December 31, 2017

A contrarian view of hijabs, niqabs, and burqas

Filed under: History, Middle East, Religion — Tags: , , — Nicholas @ 03:00

Western views of full-coverage clothing, including hijabs, niqabs, and burqas, may be concealing a hidden benefit to those who choose to wear such clothes voluntarily:

Hijabs, niqabs, and burqas — different sorts of coverings worn by Islamic women — are divisive apparel in the West, associated with patriarchal oppression, cultural outsiders, and even suicide bombers. Yet few accounts actually discuss the experiences of the women wearing the veils, and the freedom and anonymity coverings can afford if worn voluntarily.

Born in Pakistan and educated in America, Rafia Zakaria is the author of Veil, a new book which explores the history and shifting meanings of female coverings in Islamic countries and Western secular society. In a wide-ranging conversation, she talks with Reason‘s Nick Gillespie about the theological underpinnings of veils, their use as a means of controlling female sexuality, and how they have become markers of socio-economic status and virtue signaling.

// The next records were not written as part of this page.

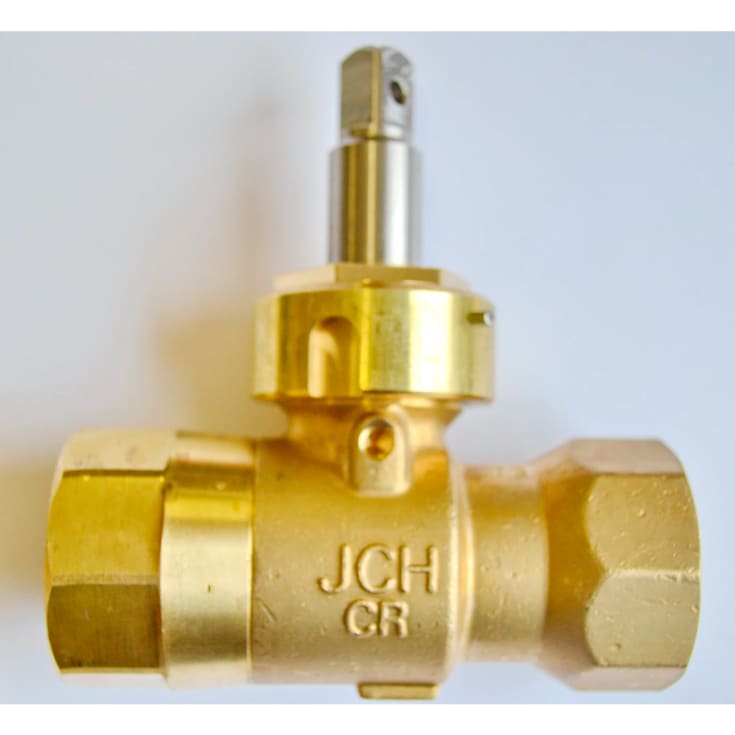 Isiflo AVK bakkekran, 32 mm x 1 1/4", messing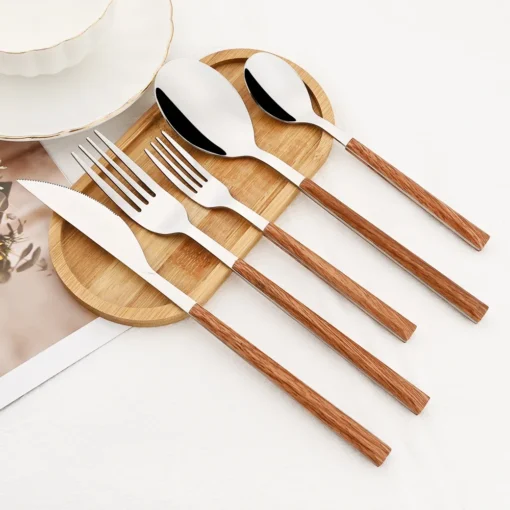 16/24/30Pcs Stainless Steel Imitation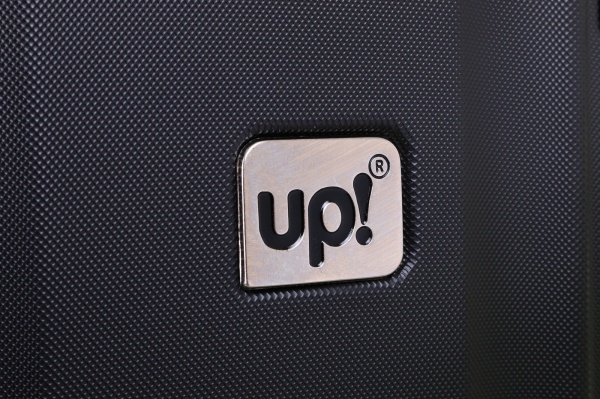 Валіза UP! (Underprice) HQ22100 60х41х25 см графіт 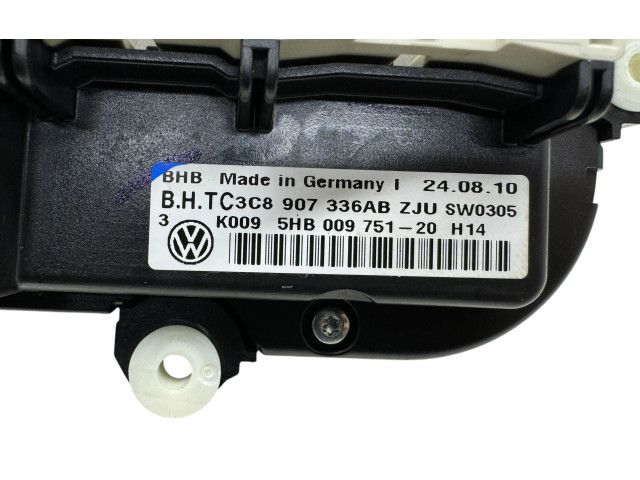 Блок управления климат-контролем 3C8907336AB, 5HB00975120   Volkswagen Tiguan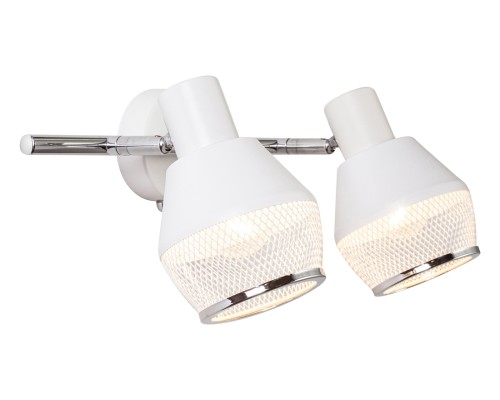 Спот Escada 1117/2A E14*40W White/Chrome
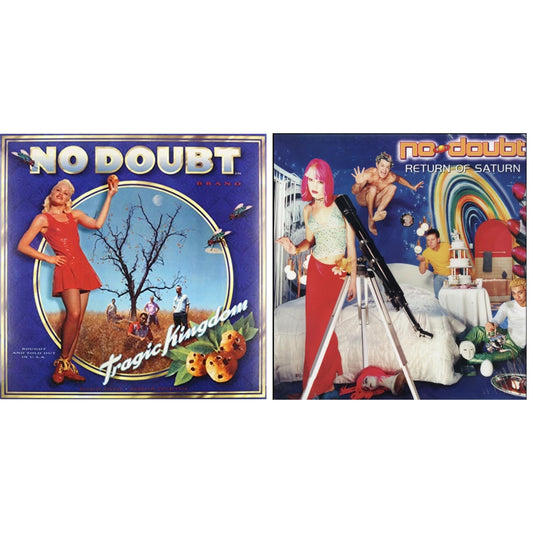 This is a 2 LP Vinyl SKU bundle.
1.This LP Vinyl is brand new.Format: LP VinylThis item's title is: Tragic KingdomArtist: No DoubtLabel: TRAUMABarcode: 602547047250Release Date: 1/13/2015
2.This LP Vinyl is brand new.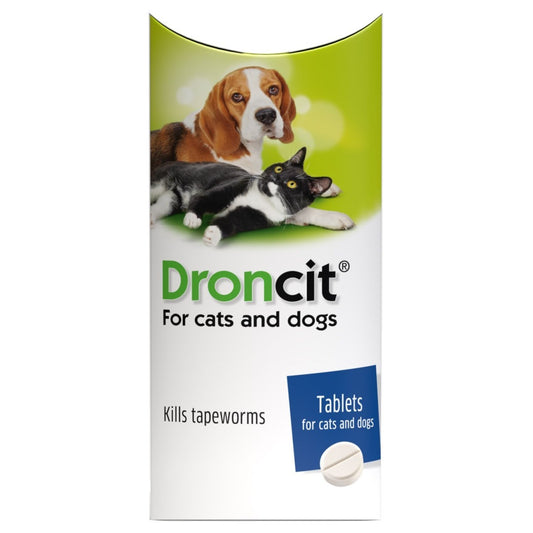 Droncit Tablet Tapewormer for Cats and Dogs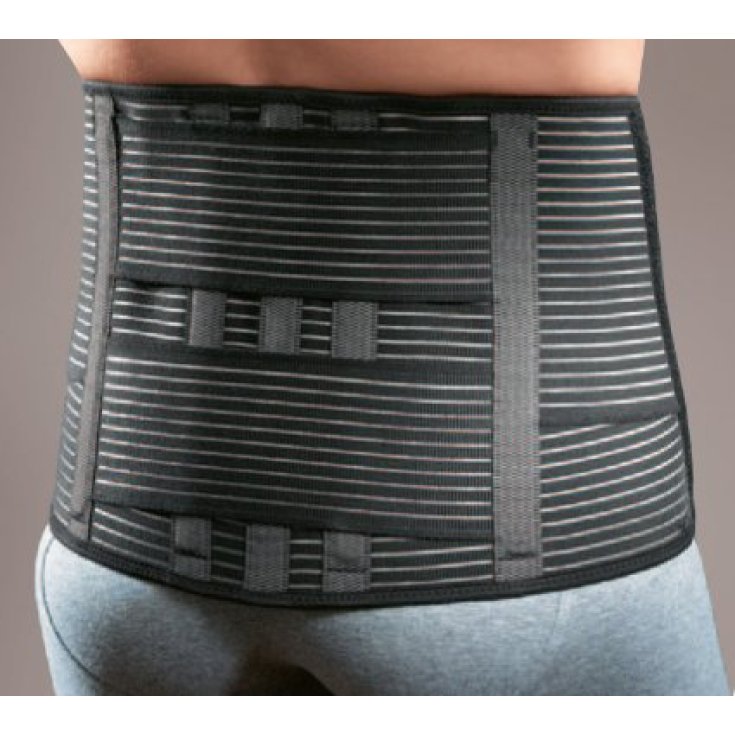 Ro +ten Linear70 Corsetto Elastico Millerighe Basso Pr1-1770s Nero Taglia L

Veils present a particular conflict for Western feminists. On the one hand, veils — especially burqas — are emblematic of regimes that are particularly oppressive to women. Feminists and others have moved to ban the wearing of veils in public in the name of female empowerment. But if a Muslim women wants to wear one, is she endorsing patriarchy and setting back the women’s rights movement or simply owning her own choices, especially in a culture that might itself be anti-Islamic?

1 Comment

  1. It doesn’t matter how many are in any one country, only how many have been killed. You may say that kind of thinking is violent and untoured, but it is exactly their way of thinking about us. Talking about numbers, the Qur’an invokes our murder 57 times, and the same exhortation exists hundreds of times in the Hadeeths. The Muslim governs his people with terror, brutality, and murder. His intentions are to do the same to us, and his plans are working. If we wish to influence the Islaamic mind, we must do the same, or they will ignore us.